Strahm believes they are saving Medicare a good deal of money when they don't have to admit one of their residents to a psychiatric hospital because ViaTV Phones are providing a healthcare conduit between psychiatrist and patient. "That can be a thousand dollars a day savings."

For the past few months, Dr. Stamati has been a telepsychiatry leader and champion, as the only psychiatrist involved in the pilot project, but Reid reports that the program is being expanded and additional psychiatrists will be participating.

"Home healthcare is going to be more prevalent as POTS (plain old telephone system) video conferencing continues to improve," said Reid who has been trying to change the attitudes of psychiatrists who look at telemedicine as new and different and who are not sure they want to get involved with it. "But we are winning the battle and the war as we address clinicians' legitimate concerns. The technology benefits the patients. Instead of a doctor seeing a patient once a month, they can see their patient at least once a week. Clinicians are more able to monitor behavior and detect deterioration in a patient's condition."

"The big issue with telemedicine and telepsychiatry is how do you make it pay for itself. We have to be able to justify the economic issues as well as the quality of care issues. 8x8 de-emphasizes the cost benefit ratio remarkably," states Reid. "At a time when reimbursement for telepsychiatry services is still patchy at best, the affordable price of the ViaTV Phone takes the technology costs completely out of the picture."

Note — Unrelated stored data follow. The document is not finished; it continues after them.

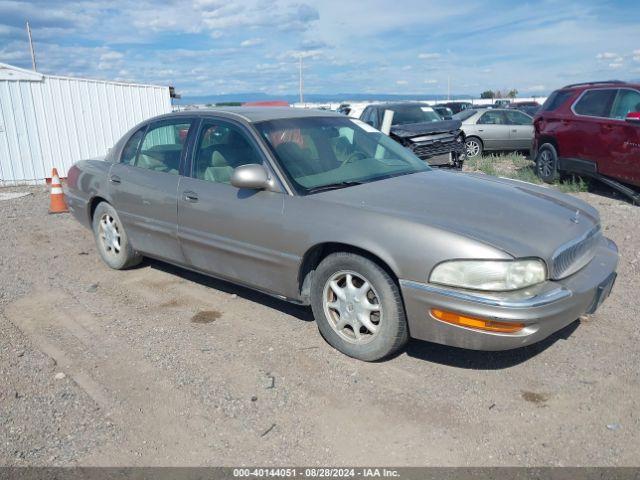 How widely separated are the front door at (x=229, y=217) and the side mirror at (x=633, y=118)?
6186 mm

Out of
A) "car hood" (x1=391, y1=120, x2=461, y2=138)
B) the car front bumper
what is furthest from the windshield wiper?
"car hood" (x1=391, y1=120, x2=461, y2=138)

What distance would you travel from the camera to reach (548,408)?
3.04 m

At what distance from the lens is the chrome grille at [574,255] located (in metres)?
3.19

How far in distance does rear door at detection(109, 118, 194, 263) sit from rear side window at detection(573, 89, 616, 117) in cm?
686

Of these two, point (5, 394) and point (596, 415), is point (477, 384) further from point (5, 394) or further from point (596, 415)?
point (5, 394)

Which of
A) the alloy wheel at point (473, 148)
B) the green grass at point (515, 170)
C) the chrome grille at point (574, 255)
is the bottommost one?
the green grass at point (515, 170)

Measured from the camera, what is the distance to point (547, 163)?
A: 32.2ft

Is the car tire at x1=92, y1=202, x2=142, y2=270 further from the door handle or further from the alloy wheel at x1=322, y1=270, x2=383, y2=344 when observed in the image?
the alloy wheel at x1=322, y1=270, x2=383, y2=344

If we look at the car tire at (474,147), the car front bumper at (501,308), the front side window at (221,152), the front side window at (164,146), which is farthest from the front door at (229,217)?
the car tire at (474,147)

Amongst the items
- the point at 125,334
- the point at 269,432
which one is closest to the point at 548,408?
the point at 269,432

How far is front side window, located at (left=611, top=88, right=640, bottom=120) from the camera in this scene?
8.18 m

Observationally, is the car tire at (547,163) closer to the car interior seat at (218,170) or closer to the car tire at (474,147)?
the car tire at (474,147)

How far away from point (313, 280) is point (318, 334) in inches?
20.6

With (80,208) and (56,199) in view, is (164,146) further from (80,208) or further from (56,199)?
(56,199) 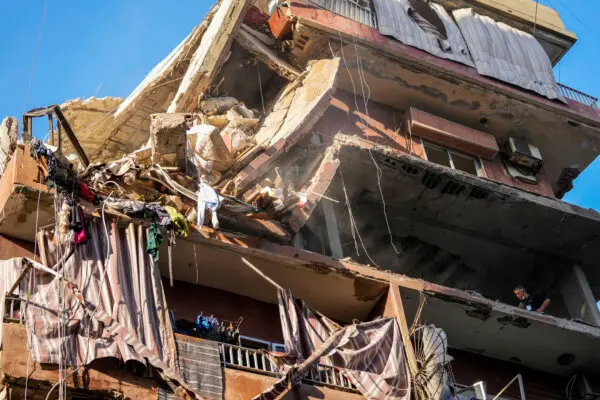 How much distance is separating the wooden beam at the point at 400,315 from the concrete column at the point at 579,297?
4.91 metres

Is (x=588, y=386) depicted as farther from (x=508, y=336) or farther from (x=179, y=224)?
(x=179, y=224)

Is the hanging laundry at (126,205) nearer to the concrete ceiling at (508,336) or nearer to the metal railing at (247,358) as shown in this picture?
the metal railing at (247,358)

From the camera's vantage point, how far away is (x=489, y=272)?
2042 cm

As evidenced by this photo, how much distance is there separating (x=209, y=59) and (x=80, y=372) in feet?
26.7

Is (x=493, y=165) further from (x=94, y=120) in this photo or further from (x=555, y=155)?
(x=94, y=120)

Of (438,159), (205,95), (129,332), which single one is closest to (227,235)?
(129,332)

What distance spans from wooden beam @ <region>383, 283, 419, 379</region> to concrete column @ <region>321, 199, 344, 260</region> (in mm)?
1117

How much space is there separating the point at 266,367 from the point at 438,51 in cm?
929

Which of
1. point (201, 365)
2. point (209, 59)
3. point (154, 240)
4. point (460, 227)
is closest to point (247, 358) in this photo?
point (201, 365)

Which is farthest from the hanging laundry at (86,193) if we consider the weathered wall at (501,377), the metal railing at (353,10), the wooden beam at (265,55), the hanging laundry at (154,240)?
the metal railing at (353,10)

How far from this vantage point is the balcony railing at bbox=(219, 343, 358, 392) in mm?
13000

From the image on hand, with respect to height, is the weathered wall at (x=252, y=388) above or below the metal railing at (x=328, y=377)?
below

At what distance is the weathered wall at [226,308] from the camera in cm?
1477

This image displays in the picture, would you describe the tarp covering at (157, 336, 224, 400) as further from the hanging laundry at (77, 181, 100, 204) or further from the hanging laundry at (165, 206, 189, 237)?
the hanging laundry at (77, 181, 100, 204) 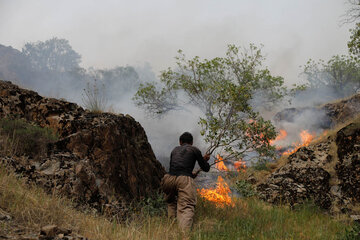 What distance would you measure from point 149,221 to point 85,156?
205 cm

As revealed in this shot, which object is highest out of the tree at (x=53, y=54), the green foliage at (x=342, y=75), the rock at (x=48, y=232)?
the tree at (x=53, y=54)

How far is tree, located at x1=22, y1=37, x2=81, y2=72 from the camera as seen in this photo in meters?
79.6

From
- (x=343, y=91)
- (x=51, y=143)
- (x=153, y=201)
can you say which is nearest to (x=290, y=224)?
(x=153, y=201)

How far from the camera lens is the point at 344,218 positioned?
7625 millimetres

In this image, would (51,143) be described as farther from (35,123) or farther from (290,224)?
(290,224)

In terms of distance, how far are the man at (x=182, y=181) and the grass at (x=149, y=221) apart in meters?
0.32

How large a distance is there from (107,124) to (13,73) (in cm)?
7876

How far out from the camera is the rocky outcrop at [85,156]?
193 inches

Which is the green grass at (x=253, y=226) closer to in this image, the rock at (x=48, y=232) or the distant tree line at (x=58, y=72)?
the rock at (x=48, y=232)

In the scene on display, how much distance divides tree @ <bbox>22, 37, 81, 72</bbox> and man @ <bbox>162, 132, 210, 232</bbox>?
80.7 metres

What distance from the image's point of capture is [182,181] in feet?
18.2

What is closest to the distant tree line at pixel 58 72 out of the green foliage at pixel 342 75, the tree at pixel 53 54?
the tree at pixel 53 54

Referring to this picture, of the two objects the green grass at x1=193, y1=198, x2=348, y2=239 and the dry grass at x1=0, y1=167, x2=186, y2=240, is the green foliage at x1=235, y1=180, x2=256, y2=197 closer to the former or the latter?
the green grass at x1=193, y1=198, x2=348, y2=239

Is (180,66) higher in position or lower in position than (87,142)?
higher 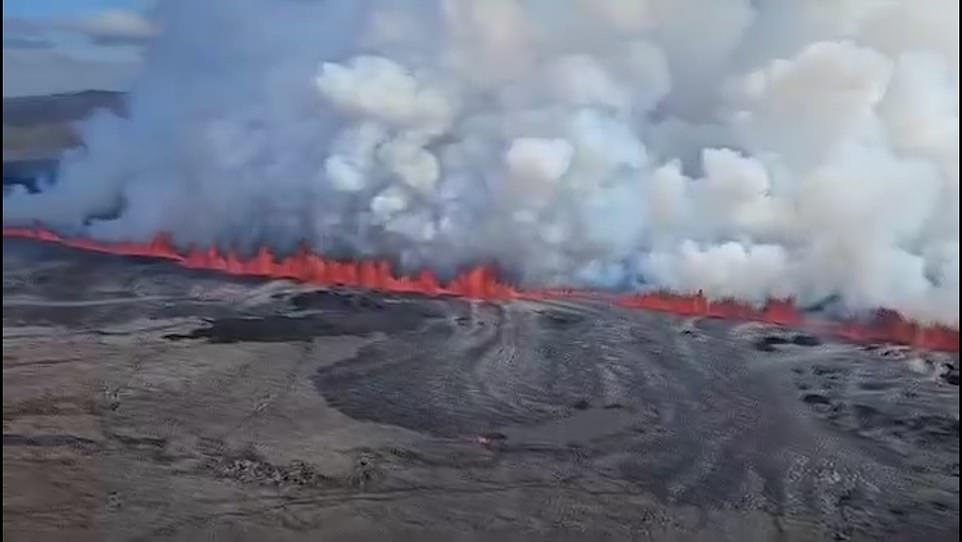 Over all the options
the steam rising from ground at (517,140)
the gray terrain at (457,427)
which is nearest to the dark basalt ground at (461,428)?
the gray terrain at (457,427)

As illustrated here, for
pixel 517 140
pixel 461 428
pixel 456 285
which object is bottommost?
pixel 461 428

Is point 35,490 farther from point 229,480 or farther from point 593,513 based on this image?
point 593,513

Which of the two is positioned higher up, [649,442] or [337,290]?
[337,290]

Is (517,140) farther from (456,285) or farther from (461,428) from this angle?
(461,428)

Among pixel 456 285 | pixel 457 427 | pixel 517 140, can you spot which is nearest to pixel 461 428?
pixel 457 427

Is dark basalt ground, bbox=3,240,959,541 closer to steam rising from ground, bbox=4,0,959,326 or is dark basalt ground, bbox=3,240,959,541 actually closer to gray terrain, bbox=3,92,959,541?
gray terrain, bbox=3,92,959,541

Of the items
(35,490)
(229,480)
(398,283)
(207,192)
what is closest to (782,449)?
(398,283) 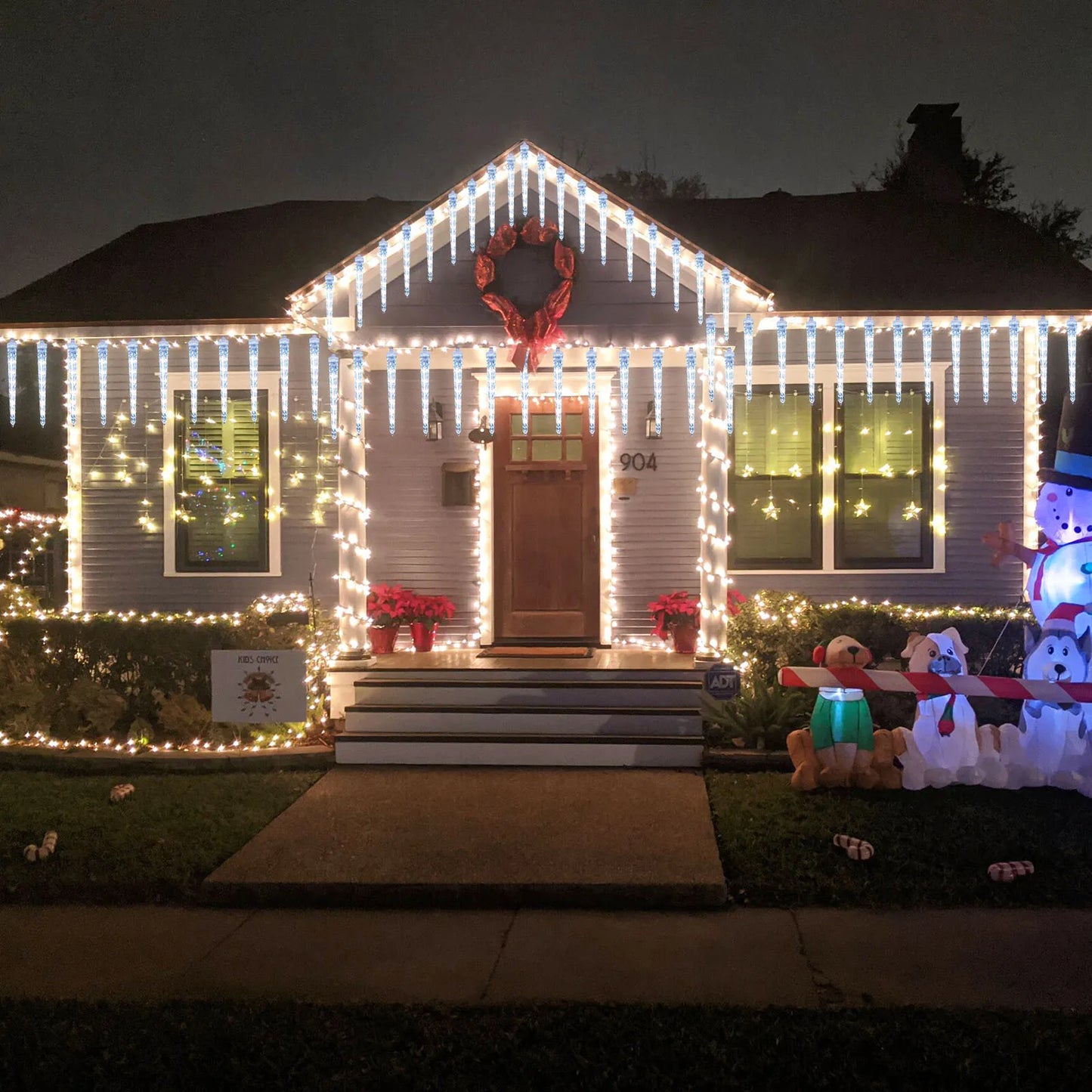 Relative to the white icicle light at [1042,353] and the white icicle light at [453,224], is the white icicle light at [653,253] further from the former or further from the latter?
the white icicle light at [1042,353]

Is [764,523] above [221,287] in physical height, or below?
below

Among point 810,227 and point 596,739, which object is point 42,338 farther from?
point 810,227

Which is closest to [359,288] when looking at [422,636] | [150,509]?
[422,636]

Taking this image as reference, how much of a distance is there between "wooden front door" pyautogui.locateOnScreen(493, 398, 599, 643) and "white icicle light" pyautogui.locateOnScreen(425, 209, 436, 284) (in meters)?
1.71

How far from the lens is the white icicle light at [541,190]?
834 centimetres

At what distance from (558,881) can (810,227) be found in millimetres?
8682

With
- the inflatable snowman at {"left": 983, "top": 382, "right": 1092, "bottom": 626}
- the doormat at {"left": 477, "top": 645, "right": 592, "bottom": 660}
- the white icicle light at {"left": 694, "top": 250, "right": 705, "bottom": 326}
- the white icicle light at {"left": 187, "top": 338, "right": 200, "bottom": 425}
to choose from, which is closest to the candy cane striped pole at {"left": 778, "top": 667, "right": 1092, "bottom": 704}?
the inflatable snowman at {"left": 983, "top": 382, "right": 1092, "bottom": 626}

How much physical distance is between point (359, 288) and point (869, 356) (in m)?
4.61

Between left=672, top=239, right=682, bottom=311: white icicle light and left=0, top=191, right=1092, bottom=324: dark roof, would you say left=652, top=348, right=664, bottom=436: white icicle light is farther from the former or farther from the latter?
left=0, top=191, right=1092, bottom=324: dark roof

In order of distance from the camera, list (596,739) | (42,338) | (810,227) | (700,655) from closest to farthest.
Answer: (596,739) → (700,655) → (42,338) → (810,227)

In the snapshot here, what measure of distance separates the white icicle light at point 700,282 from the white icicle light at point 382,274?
8.53 feet

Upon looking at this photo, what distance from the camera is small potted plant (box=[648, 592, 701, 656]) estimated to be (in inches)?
350

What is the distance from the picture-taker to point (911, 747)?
21.3ft

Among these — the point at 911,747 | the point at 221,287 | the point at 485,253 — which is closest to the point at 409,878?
the point at 911,747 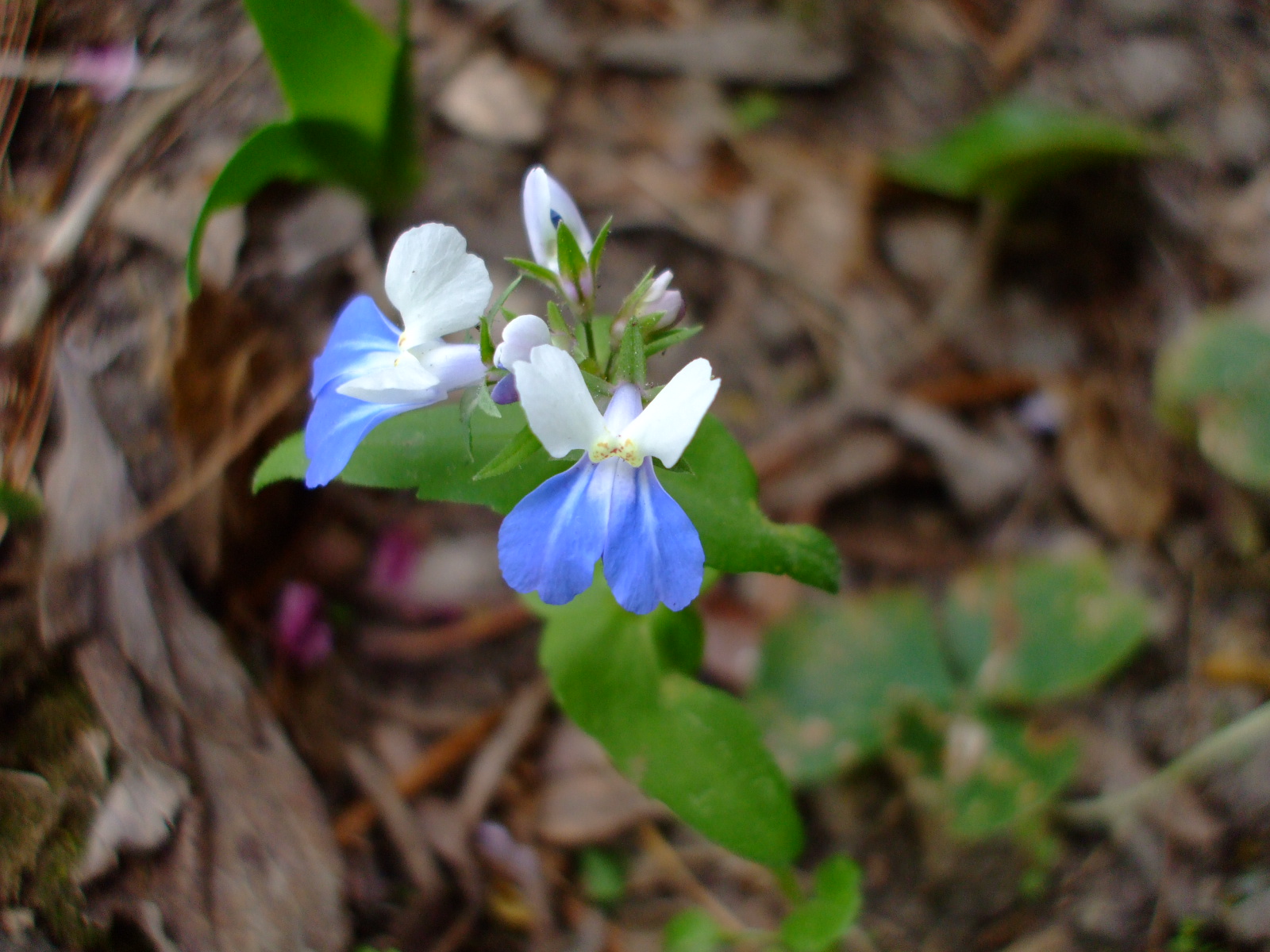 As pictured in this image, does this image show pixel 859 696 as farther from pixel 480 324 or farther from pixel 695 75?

Before acquiring ViaTV Phones, Reid said they tried to employ a PC-based videophone but had many problems with the video and audio qualities. Also problematic was that most of the nursing home staff lacked computer training and were intimidated by PC-based video conferencing.

"This is the first product that we actually could put in a patient's home. If they can answer a phone and turn on the TV, we can provide them with behavioral healthcare in their home. I'm very excited because we've been waiting a long time for a product this good. I saw my first demonstration of POTS video in 1990 and it was a done by a charlatan. Now, we're here. It's a reality...ViaTV Phones are definitely adequate for almost all telepsychiatry applications."